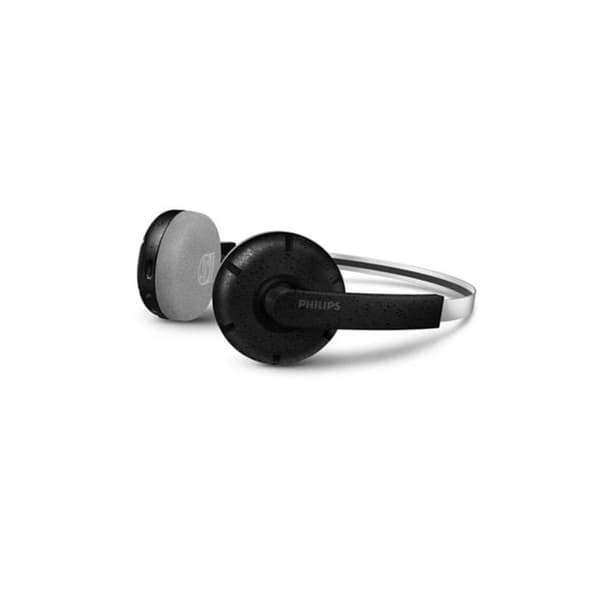 Philips On-Ear Trådløse Hovedtelefoner TAH2000BK/00 Ringo Sort Bluetooth 26t Autonomi Sort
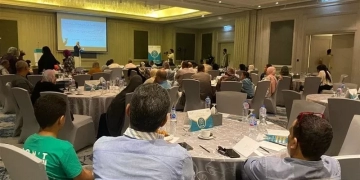 عضو التحالف الوطنى تنظّم دورة تدريبية لمرضى ضغط الشريان الرئوي بمشاركة نخبة من المتخصصين 1 - جريدة المساء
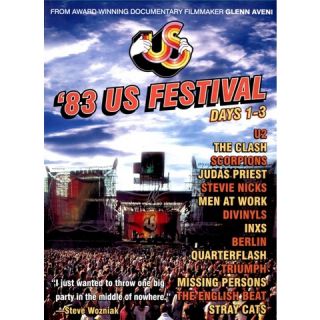 83 US Festival Days 1 3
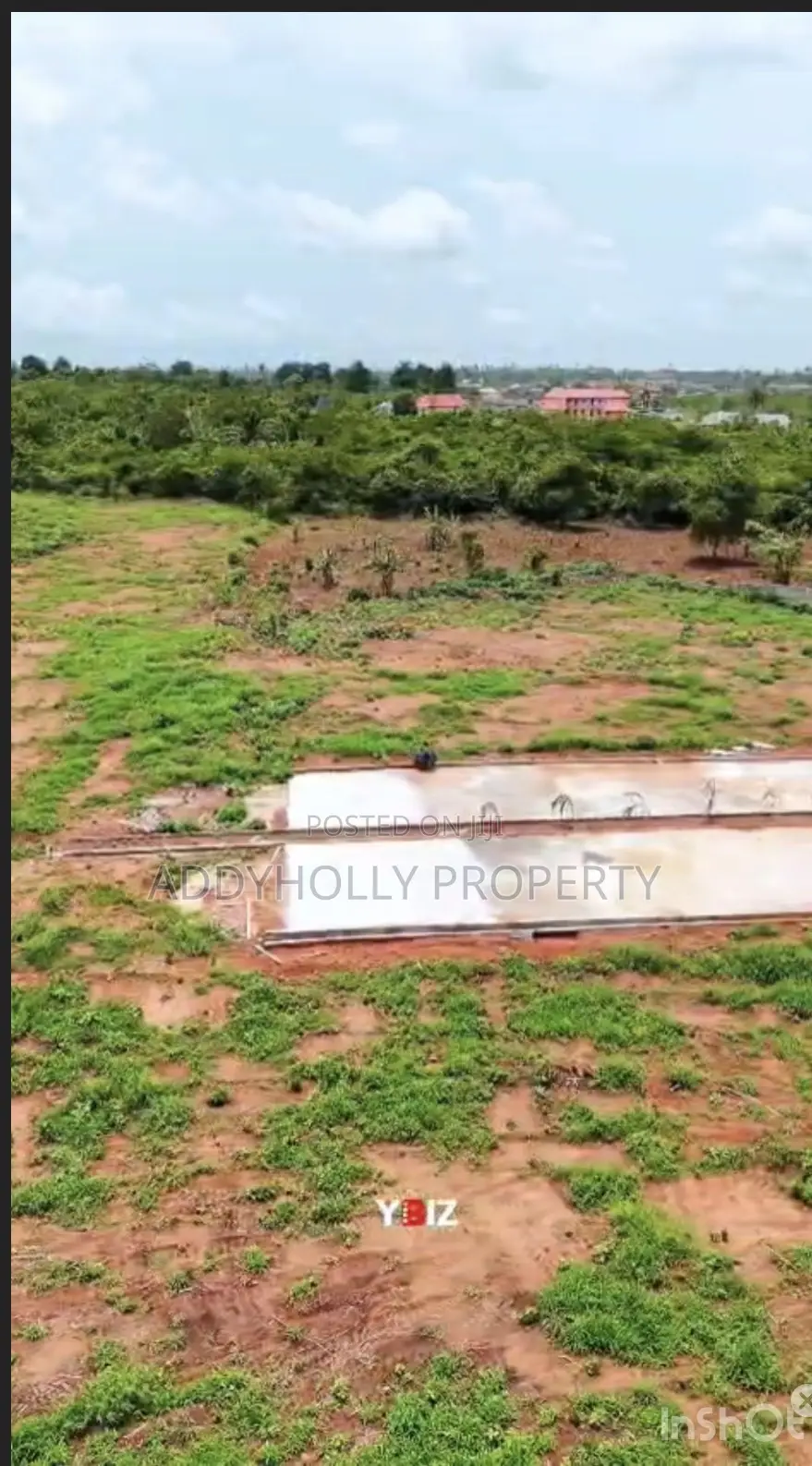 Plots of Land at Interchange Near Intermational Breweries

============

Work to be completed — Where images occur in the data above, leave them out and repeat everything else exactly.

Finished task —
 Philips On-Ear Trådløse Hovedtelefoner TAH2000BK/00 Ringo Sort Bluetooth 26t Autonomi Sort
 عضو التحالف الوطنى تنظّم دورة تدريبية لمرضى ضغط الشريان الرئوي بمشاركة نخبة من المتخصصين 1 - جريدة المساء
 83 US Festival Days 1 3
 Plots of Land at Interchange Near Intermational Breweries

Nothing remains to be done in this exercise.